Amazon is a huge player in the cloud hosting space. Cloud hosting is basically where a company fills a server farm with racks upon racks of physical computers, hard drives and routers. The company then uses software to combine the individual computers into a super computer which is then partitioned off into a series of virtual servers of varying sizes and types. The company then resells usage of these virtual servers to their clients. Amazon Web Services (the division which provides the service) offers a variety of different types of virtual servers, but the basic, and most flexible, is called Elastic Cloud Compute (EC2).

Amazon EC2

Instances

Instances can be thought of as the virtual processor, motherboard and RAM of the virtual server. Amazon offers three different types of Instances (On-Demand, Reserved, and Spot) and of varying different sizes.

On-Demand Instances

On-demand Instances are those you intend on using on a temporary basis. You are paying only for the amount of time you actually use the instance, so they are excellent for short-term projects and to get settings worked out.

Reserved Instances

Reserved Instances are instances which are dedicated to your account. They do not go away if you stop, or terminate them. Well, that is not quite correct. You are actually reserving usage of a particular type of instance, rather than a particular instance. The different levels of Reserved Instances are basically usage structures. You prepay to reserve an instance and in exchange get a discount on the hourly rate. Reserved Instances are ideal for long-term server applications, like website host, email servers, etc.

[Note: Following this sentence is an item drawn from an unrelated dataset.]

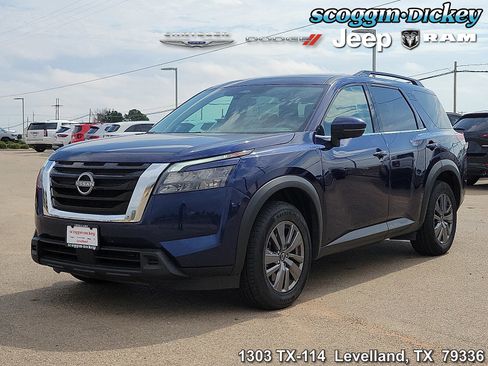 Used 2025 Nissan Pathfinder SV image 1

Reserved Instances Utilization Rates
  • Heavy Utilization - These instances are used 80%+ of the month.The core website and email servers.
  • Medium Utilization - These instances are used for 40-79% utilization rates. If you run a few heavy traffic websites, then these instances would be the load-balanced servers to support demand during peak times like the evenings and weekends.
  • Light Utilization - These instances are used for 17-30% utilization rates. This time frame corresponds really well with development servers that are started in the morning, run for 7-8 hours then turned off in the evening.

Spot Instances

Spot Instances are similar to on-demand instances, but are designed for special project type circumstances. Amazon obviously wants to keep all of their servers running all the time (ie. 100% utilization), however with the on-demand type structure, there are times when some servers are not being used. During these low slow times, Amazon would rather sell time on them temporarily for a discount rather than let them run empty. These temporary discounted servers are the spot instances. Spot instances work really well for periodically maintenance activities. To use a spot instance, you indicate the size of instance and the maximum price you bid for usage of that instance. Once the price for that size of instance goes below the bid price, the instance starts up and you get it until the prices goes back over your max bid price. Note you are only charged the actual price, not your bid price, so you can often pay less per hour than your bid price for spot instances.

EC2 Resources

Elastic Block Store Volumes

Elastic Block Storage (EBS) volumes are the virtual hard drives of the virtual server. There are two types of EBS Volumes, Standard and Provisioned  IOPS (Input/output Operations Per Second).

Standard EBS Volumes

Standard EBS volumes correspond the best to physical media hard disks. You can read and write to them at average rates and deliver about 100 IOPS. Unless you need high writing/ reading capabilities, a standard EBS is what you'd use.

Provisioned IOPS Volumes

Provisioned IOPS are for high read/write type situations. The most common examples is a database server. These volumes are very powerful, but also very expensive (relatively). There are other AWS Services offered, like S3, SES and RDP, but I currently don't use them some will avoid going into detail on those services until I use them.